■ Work item
Return the following from the records below: each line, word for word, starting with the line that contains "樱花,靠近,楼梯,庙宇,日本" and going on through the line that contains "Ducklings rescued by", with nothing outside that range.

------------------------------------

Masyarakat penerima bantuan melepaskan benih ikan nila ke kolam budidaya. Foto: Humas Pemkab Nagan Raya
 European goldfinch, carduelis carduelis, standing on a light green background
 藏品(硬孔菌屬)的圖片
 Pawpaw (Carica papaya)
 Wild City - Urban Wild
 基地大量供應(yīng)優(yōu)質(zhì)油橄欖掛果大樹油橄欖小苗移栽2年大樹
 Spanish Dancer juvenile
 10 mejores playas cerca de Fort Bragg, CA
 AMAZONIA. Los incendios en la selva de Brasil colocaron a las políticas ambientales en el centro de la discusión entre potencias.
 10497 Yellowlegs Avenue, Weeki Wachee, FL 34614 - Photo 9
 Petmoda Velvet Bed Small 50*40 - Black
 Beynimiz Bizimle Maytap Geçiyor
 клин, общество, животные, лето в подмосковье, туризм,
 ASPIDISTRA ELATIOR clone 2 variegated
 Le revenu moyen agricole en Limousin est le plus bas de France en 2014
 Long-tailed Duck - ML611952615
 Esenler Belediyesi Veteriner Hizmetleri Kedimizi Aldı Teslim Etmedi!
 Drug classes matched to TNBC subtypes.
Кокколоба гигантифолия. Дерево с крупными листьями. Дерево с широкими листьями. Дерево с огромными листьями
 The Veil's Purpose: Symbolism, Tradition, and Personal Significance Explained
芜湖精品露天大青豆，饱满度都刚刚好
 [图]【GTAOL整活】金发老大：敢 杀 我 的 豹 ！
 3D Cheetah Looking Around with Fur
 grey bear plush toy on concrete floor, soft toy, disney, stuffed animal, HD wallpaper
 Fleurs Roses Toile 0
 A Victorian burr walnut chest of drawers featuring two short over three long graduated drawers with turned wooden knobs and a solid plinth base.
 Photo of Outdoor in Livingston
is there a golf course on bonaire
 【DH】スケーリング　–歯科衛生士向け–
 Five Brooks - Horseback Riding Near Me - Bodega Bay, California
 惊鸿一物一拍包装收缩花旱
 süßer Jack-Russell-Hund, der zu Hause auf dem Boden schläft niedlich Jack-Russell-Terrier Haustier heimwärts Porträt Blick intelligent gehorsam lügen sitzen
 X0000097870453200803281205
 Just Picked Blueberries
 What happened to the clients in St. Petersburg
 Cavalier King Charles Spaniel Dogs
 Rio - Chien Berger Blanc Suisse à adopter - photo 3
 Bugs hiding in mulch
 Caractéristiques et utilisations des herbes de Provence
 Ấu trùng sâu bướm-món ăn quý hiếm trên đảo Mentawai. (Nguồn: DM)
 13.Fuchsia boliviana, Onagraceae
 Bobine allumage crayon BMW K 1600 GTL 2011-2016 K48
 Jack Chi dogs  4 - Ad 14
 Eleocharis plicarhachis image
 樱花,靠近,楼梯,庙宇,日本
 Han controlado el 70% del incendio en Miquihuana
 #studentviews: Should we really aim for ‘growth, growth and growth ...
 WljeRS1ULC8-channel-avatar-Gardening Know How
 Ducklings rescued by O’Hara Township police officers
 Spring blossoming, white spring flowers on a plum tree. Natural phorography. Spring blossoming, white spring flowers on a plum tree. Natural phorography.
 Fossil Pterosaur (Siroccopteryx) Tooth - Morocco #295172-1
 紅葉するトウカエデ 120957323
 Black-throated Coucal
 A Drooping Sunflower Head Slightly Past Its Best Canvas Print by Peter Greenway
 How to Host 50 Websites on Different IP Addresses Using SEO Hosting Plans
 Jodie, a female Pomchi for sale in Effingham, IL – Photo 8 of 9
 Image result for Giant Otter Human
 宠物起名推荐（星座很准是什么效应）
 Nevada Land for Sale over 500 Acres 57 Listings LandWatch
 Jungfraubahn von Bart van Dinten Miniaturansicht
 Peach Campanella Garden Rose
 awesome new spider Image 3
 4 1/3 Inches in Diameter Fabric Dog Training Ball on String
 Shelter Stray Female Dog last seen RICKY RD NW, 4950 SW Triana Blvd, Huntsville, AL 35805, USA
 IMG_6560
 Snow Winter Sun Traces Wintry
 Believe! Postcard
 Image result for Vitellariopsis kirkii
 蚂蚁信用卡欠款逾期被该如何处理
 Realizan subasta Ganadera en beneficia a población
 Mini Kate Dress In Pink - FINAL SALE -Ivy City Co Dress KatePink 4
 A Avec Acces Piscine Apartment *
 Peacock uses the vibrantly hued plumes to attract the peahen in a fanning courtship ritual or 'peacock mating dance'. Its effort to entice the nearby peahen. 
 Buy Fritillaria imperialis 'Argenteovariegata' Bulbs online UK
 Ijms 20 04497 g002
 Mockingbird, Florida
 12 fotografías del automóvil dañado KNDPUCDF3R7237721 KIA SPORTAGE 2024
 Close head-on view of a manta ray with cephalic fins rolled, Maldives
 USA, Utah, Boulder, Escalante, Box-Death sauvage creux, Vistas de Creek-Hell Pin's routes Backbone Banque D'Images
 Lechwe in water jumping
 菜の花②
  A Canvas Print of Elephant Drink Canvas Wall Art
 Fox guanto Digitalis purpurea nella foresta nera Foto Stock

------------------------------------

■ Answer for the task
 樱花,靠近,楼梯,庙宇,日本
 Han controlado el 70% del incendio en Miquihuana
 #studentviews: Should we really aim for ‘growth, growth and growth ...
 WljeRS1ULC8-channel-avatar-Gardening Know How
 Ducklings rescued by O’Hara Township police officers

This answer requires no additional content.